- Interactive map of Gmina Brzyska
- Coordinates (Brzyska): 49°50′N 21°23′E﻿ / ﻿49.833°N 21.383°E
- Country: Poland
- Voivodeship: Subcarpathian
- County: Jasło
- Seat: Brzyska

Area
- • Total: 45.13 km^{2} (17.42 sq mi)

Population (2006)
- • Total: 6,222
- • Density: 137.9/km^{2} (357.1/sq mi)
- Website: https://samorzad.gov.pl/web/gmina-brzyska

= Gmina Brzyska =

Gmina Brzyska is a rural gmina (administrative district) in Jasło County, Subcarpathian Voivodeship, in south-eastern Poland. Its seat is the village of Brzyska, which lies approximately 12 km north-west of Jasło and 50 km south-west of the regional capital Rzeszów.

The gmina covers an area of 45.13 km2, and as of 2006 its total population is 6,222.

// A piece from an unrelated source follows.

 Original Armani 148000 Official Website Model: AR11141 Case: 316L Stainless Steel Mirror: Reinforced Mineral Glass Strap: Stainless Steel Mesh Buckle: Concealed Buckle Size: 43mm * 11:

The gmina contains part of the protected area called Pasmo Brzanki Landscape Park.

==Villages==
Gmina Brzyska contains the villages and settlements of Błażkowa, Brzyska, Dąbrówka, Kłodawa, Lipnica Dolna, Ujazd and Wróblowa.

==Neighbouring gminas==
Gmina Brzyska is bordered by the town of Jasło and by the gminas of Brzostek, Jasło, Jodłowa, Kołaczyce, Nowy Żmigród, Skołyszyn and Szerzyny.